The Dow ended the week at 24232, up 3% for the week. The S&P 500 gained about half that, up 1.6%, while NASDAQ ended with a 0.6% loss as investors took profits on tech stocks. Year to date, the Dow is up more than 22% in price after gaining another 3.8% in November. The S&P has gained 18% following November’s 2.8% rise; both indexes are up eight straight months. NASDAQ is still the market leader, up more than 27% following last month’s 2.2% increase; the index has not had a down month since June. The Senate tax bill, which would roll back corporate tax rates to 20% from 35%, now needs to be reconciled with the already-passed House bill and, assuming it then passes both chambers, gets sent to President Trump for his signature. Outside the U.S., Japanese stocks rose for the second week in a row after having their nine-week winning streak snapped the prior week; the Nikkei 225 rose 3.2% in November and is up more than 19% so far this year in local currency terms. European stocks gave back their prior week’s gains; the Stoxx Europe 600 lost 0.7%, its third loss in the past four weeks.
Both the incoming and outgoing heads of the Federal Reserve said the central bank is likely to raise interest rates at its next meeting. At his confirmation hearing before the Senate Banking Committee on Tuesday, Jerome Powell, the president’s nominee to chair the Fed, said the case for raising the federal funds rate at the December 12-13 meeting “is coming together,” adding, “I think now the economy is strong, unemployment is low, growth is strong—in fact, it appears to have picked up—so it is time for us to be normalizing interest rates and the size of the balance sheet.” The next day the current chair, Janet Yellen, in her final Congressional testimony, said the Fed would continue gradually increasing rates as the economy improves.

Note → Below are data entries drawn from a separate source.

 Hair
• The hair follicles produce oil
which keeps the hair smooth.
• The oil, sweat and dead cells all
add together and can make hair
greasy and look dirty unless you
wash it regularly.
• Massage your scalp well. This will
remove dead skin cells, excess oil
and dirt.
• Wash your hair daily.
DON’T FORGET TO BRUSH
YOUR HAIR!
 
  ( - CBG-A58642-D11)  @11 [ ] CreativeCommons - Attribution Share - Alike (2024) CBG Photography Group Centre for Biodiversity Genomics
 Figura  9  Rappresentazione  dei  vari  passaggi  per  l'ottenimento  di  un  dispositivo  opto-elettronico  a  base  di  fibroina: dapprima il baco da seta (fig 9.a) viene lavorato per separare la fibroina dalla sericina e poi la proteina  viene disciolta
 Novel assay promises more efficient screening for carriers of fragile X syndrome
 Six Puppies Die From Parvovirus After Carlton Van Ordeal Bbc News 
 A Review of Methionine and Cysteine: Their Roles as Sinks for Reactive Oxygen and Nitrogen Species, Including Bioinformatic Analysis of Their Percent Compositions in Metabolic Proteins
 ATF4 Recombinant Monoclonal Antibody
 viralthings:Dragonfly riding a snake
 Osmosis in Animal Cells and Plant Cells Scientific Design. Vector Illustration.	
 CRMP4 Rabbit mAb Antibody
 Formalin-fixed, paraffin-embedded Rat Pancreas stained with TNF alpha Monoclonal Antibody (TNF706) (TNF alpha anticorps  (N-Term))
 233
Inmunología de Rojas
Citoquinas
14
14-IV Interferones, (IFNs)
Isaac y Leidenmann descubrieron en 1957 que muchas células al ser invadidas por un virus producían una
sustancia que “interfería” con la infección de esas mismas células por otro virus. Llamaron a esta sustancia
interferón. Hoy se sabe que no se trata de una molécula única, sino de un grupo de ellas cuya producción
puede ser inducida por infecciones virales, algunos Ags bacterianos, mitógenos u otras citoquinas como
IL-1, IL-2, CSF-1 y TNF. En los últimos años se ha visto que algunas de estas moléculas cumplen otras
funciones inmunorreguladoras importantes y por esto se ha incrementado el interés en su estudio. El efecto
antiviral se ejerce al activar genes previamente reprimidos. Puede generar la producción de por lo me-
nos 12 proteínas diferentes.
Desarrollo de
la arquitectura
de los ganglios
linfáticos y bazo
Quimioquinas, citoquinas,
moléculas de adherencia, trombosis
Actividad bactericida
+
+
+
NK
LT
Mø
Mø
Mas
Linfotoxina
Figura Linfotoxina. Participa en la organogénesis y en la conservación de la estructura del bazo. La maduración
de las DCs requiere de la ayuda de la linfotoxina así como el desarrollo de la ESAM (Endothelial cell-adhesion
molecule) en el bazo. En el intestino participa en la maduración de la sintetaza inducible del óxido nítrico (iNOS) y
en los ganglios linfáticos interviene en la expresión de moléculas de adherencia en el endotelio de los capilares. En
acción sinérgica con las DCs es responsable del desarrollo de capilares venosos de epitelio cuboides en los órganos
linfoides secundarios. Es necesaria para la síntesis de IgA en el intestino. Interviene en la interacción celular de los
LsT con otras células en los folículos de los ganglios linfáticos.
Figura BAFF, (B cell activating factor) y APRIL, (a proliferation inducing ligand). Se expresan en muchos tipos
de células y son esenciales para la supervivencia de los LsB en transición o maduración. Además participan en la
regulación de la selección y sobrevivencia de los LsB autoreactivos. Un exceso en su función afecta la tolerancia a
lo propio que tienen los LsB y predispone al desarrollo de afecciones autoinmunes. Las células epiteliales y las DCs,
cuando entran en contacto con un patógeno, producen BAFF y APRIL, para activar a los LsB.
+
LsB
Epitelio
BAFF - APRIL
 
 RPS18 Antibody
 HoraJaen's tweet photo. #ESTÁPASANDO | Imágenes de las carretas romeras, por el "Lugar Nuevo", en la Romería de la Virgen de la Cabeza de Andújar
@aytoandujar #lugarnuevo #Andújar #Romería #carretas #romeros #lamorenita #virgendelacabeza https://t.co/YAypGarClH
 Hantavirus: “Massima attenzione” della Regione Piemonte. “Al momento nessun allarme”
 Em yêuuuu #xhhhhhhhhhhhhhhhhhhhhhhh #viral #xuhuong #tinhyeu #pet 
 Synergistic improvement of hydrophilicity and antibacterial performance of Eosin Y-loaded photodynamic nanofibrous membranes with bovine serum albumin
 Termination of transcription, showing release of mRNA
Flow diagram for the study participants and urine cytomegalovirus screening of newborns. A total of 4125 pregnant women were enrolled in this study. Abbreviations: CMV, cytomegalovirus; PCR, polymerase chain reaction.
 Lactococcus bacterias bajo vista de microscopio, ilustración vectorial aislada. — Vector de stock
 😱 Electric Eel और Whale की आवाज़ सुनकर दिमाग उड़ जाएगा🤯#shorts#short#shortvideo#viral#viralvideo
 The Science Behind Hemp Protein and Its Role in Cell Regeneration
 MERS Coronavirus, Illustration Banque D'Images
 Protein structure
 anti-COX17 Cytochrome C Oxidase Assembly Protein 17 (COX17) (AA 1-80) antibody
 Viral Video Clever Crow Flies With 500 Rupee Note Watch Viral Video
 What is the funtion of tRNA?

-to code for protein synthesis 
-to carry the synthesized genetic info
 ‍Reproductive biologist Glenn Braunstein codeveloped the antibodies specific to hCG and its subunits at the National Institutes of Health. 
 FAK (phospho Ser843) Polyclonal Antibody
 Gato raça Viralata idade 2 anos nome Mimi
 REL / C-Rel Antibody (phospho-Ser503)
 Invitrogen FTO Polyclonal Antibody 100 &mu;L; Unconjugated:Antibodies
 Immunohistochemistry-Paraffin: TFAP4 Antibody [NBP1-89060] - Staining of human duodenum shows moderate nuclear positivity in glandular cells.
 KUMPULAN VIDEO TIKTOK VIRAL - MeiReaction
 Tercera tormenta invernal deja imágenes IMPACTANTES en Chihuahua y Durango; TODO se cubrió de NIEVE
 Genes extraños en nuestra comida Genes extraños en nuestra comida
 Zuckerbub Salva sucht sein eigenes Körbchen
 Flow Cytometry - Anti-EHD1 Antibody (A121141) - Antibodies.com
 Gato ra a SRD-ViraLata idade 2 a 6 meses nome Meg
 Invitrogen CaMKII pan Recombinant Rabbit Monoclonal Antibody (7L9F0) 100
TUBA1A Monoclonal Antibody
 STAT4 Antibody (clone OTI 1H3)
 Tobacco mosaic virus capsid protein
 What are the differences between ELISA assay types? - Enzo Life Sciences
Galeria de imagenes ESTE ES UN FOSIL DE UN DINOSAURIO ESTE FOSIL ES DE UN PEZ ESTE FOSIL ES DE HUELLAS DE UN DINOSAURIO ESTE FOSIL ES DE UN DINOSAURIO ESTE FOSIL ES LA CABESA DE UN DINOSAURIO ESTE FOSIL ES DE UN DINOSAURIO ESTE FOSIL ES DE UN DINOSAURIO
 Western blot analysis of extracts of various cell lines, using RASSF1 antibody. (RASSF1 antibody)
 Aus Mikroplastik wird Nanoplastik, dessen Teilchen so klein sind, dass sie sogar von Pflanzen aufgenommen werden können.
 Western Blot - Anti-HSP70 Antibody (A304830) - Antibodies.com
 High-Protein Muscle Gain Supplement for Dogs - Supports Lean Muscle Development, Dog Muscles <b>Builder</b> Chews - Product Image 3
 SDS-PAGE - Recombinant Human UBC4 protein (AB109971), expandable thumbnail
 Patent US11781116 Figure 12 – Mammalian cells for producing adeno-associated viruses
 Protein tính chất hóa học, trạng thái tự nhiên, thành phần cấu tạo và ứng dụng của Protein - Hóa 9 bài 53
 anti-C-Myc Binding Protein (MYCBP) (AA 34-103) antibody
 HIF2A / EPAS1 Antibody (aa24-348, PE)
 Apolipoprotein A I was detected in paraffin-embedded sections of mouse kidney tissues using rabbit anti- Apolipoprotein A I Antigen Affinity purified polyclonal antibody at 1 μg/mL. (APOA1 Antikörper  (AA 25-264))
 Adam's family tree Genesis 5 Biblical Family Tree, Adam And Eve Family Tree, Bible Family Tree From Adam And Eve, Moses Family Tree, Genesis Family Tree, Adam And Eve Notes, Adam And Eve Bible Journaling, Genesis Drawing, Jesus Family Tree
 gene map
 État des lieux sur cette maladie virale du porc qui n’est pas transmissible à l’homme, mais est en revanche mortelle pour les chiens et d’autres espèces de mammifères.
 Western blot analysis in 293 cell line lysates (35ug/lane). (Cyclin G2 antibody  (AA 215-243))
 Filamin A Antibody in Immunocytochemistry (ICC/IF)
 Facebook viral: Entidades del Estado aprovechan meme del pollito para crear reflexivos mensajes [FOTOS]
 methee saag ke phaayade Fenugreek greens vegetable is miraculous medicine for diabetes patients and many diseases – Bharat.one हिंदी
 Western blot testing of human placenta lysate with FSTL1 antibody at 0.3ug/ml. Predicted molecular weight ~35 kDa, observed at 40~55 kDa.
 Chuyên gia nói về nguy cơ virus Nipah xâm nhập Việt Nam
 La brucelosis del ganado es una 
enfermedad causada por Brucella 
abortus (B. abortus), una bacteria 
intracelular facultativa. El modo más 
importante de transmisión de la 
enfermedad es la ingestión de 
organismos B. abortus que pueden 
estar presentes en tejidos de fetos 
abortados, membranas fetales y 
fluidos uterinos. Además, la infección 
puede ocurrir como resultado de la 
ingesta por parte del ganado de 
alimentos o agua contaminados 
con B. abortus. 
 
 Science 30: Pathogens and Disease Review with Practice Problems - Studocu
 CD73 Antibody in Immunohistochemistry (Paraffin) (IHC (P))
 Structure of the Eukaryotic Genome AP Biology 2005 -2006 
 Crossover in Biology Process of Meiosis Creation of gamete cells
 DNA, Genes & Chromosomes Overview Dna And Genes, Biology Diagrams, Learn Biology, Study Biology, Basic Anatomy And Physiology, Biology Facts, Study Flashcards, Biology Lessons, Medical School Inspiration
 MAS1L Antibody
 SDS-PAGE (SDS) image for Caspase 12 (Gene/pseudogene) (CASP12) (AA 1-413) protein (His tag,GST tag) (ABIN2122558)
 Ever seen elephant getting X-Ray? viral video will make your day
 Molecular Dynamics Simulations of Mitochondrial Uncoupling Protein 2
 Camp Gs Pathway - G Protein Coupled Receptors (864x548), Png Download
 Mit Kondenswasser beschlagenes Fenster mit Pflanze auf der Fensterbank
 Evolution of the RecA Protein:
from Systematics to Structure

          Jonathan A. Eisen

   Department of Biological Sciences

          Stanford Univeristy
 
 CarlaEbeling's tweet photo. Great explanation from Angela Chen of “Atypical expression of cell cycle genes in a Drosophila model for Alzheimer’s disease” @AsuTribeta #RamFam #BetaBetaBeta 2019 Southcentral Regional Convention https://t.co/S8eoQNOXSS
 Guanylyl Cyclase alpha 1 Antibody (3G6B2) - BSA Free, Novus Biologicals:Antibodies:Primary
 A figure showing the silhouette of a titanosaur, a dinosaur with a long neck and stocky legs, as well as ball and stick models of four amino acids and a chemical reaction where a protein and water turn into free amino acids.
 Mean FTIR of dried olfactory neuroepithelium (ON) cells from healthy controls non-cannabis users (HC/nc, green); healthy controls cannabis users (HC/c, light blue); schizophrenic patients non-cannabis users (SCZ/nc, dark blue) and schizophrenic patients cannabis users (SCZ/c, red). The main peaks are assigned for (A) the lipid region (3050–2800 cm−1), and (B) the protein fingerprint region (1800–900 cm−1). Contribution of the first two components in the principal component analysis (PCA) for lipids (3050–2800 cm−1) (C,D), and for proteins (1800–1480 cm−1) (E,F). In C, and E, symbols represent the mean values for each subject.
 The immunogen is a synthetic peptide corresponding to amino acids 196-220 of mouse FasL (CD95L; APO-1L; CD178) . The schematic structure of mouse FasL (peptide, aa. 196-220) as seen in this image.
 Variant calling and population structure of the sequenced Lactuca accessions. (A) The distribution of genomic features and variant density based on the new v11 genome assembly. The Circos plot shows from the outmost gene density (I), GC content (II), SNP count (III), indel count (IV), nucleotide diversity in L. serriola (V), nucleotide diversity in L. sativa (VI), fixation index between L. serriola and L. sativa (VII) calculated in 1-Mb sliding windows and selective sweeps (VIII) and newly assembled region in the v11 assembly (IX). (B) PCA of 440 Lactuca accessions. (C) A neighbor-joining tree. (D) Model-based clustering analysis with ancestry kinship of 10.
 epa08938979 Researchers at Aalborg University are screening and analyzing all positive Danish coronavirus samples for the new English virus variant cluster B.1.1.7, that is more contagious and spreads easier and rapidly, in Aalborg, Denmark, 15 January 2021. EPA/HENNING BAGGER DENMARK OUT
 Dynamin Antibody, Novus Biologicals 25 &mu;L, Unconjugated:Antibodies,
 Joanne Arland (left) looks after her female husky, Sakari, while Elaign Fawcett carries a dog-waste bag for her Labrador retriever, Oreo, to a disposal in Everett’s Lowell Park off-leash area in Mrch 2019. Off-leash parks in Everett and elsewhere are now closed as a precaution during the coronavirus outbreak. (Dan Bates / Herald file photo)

Indeed, last week’s reports continued to show the U.S. economy kicking into higher gear. Third quarter GDP growth was revised upward to an annual rate of 3.3%, up from the 3.0% rate originally reported and Q2’s 3.1% level. That’s the strongest quarterly growth rate in three years. Not surprisingly, then, the Conference Board’s consumer confidence index jumped more than three points in November to 129.5, a new 17-year high. Consumer spending rose 0.3% in October while personal incomes climbed 0.4%. The core personal consumption expenditures index, the Fed’s main barometer of inflation, rose 0.2% for the month and 1.4% on an annual basis. The Institute for Supply Management’s manufacturing index fell a half-point in November but remained strong at 58.2. Construction spending for October jumped 1.4%, much better than expected.
Housing sector numbers were strong. Sales of newly-built homes jumped 6.2% in October to an annual rate of 685,000. The National Association of Realtors’ pending home sales index rose a better-than-expected 3.5% to 109.3, although that was still 0.6% below the year-earlier level. The “solid increase in contract signings were still not enough to keep activity from declining on an annual basis for the sixth time in seven months,” said Lawrence Yun, the group’s chief economist. Rising home prices due to a low inventory of homes for sale remain the culprit. The S&P CoreLogic Case-Shiller national home price index rose 6.2% in September over a year earlier, the fastest annual rate since June 2014.
Reports/dates/facts/links worth paying attention to over the next week:
1. December 4: Factory orders for October.
2. December 5: Institute for Supply Management non-manufacturing composite index for November.
3. December 6: ADP national employment report for November.
4. December 7: Weekly unemployment claims
5. December 8: Employment situation for November; University of Michigan consumer sentiment index for December, first reading.